ML Series: Exploring Our Data

In the previous article, I highlighted the below phases as being part of the ML workflow.

  1. Data cleansing, formatting
  2. Data exploration
  3. Feature engineering and feature selection
  4. Initial machine learning model implementation
  5. Comparison of different models
  6. Hyper parameter tuning on the best model
  7. Evaluation of the model accuracy on testing data set
  8. Understanding the model

In todays article, we’re going to look at data exploration in a bit of detail. There is a bit of an overlap here with the data cleaning and formatting tasks we discussed in the previous article – you can think of these two things as a single task; but for simplicities sake, it’s easier to explain them in two smaller articles.

Data exploration is a critical part of the machine learning workflow.
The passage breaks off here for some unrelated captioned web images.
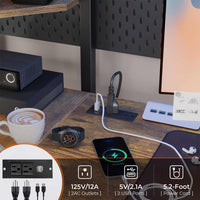 Sikaic Bed Frame LED Loft Metal Twin Size Bed Frame with U Shaped Desk Charging Station Drawers Storage Shelves and Safety Guard & Ladder No Box Spring Needed Black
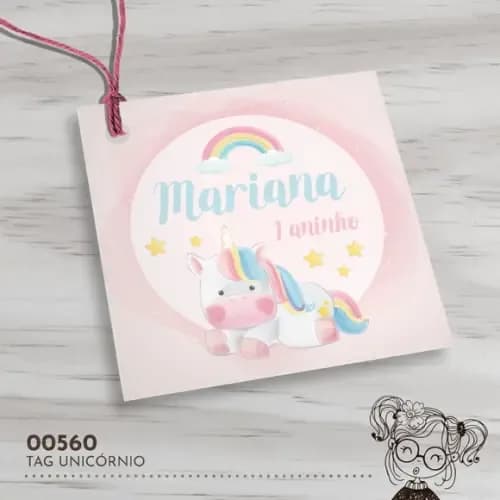Tag Quadrada Unicórnio - 00560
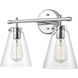 Aliza 2 Light 16 inch Chrome Bathroom Vanity Light Wall Light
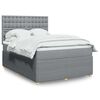 vidaXL Sommier &agrave; lattes de lit avec matelas Gris clair 140x200cm Tissu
Without understanding exactly what you’re working with, it’s going to be tough to determine whether particular features are going to contribute heavily towards your model accuracy or not. Also, it will become evident very quickly if you have outliers or some poor quality data in certain areas.

The question then becomes: what are we looking for and what is the easiest way to find it? Well, we don’t know what we’re looking for exactly, that’s the point. We need to see what we have and determine if anything doesn’t quite look right.

Aggregation & Analysis

Let’s take the example of a school register. Each day, we have a list of all the students, the class they’re in & whether they attended or not. We then, do some work in Pandas or in a visualization tool like Tableau to aggregate the data & simply calculate the total number of students for each day. We get the below graph.

Clearly, there is a problem here. Why would students not have turned up on Friday? We then can dig further into the data & determine whether this is a data quality issue; missing data issue or whether it’s a genuine reflection of reality.

Understanding the data you have and any rules around that data is key. For example, it may simply be the case that the school has an event every Friday which means less students register for their classes. That is seasonality and as a data scientist, understanding these rules before building the model is super useful and will save you a whole bunch of headaches later down the line.

FInding relationships between features

So we can do that; we can aggregate our data & visually check that it looks OK, but we can also determine the relationship between two features. Why is this useful? Well, if you have two features that are heavily correlated together & you have a dimensionality challenge, you may choose to drop one of those features from the model; as its inclusion adds no value over the second field which it so closely correlates with.

We can build this view with a correlation matrix like the one below I used in our Wine ML project post. It’s always valuable keeping the target (or truth or label) value in this matrix as you can see whether you have a particular feature which by itself has a very high correlation to the outcome.

From this correlation matrix you can determine the fields which will impact your model the most and you can identify those which just add noise to the model without adding much value – those can be dropped to assist with dimensionality reduction.

Analysing single feature in depth

The other key task is to go through each of those key features you identified from your correlation matrix and to determine a few things:

  1. What values live in the fields
  2. What are the range of values for the feature
  3. How is the data distributed
  4. What percent of the datapoints are nulls
  5. What percent of the datapoints are unique

Armed with all this information, you can really ensure that you fully understand your dataset and go into model creation with the best possible opportunity to make it a success.

Carrying out cleansing

Finding nulls, removing duplicates and all the other great things we discussed in the previous article are all part of exploration. Make sure you have a read and get your data cleaned as part of this project phase.